A Silicon Valley email company said it will provide a free service for consumers that detects unsolicited bulk email, otherwise known as spam, before it reaches the users' mailbox.
Bright Light Technologies claimed its Bright Mail product has been able to eliminate 90 per cent of spam messages sent to users, without accidentally deleting any legitimate email messages.

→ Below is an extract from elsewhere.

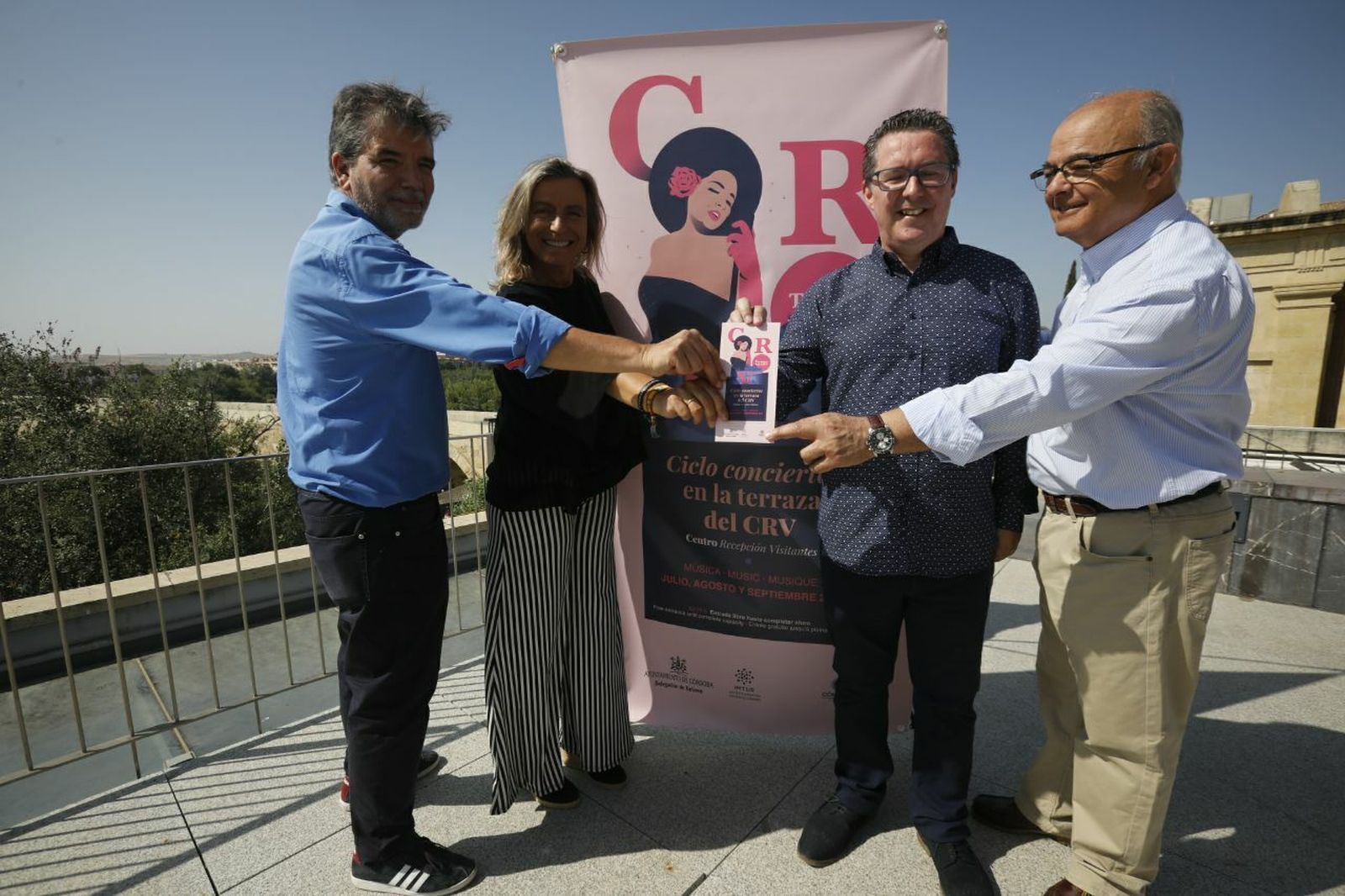 Isabel Albás, junto a algunos de los artistas participantes.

The service is available at no cost to users with a POP3 email account that can be accessed from anywhere on the Internet.

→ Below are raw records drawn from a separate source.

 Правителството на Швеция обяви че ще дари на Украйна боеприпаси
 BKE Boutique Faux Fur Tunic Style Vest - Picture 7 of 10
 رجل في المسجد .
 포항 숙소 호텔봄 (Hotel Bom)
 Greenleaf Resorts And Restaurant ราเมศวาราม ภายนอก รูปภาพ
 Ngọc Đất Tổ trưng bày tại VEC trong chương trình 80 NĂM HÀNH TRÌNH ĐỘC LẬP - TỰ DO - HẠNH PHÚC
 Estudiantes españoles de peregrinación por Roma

"Companies we are working with, such as Sun-Netscape Alliance, Software.com and Sendmail, have introduced our service to their international consumers," said Jeff Magill, vice president of marketing at Bright Light Technologies. "Right now we are capable of providing the service to English speaking countries, but it would require an intensive localisation effort to provide it to non English speaking countries."
Several of the beta customers were located in Europe and the Pacific Rim, Magill said, but he added, that the company doesn't really look at users from an international perspective.
"With English speaking countries, it is pretty straightforward," he said.
Bright Mail runs a 24 hour operations centre where the company evaluates new and existing spam and then forwards information about the spam to a "spam wall" assigned to each user. The spam wall uses software to identify and block spam messages before they reach a user's inbox.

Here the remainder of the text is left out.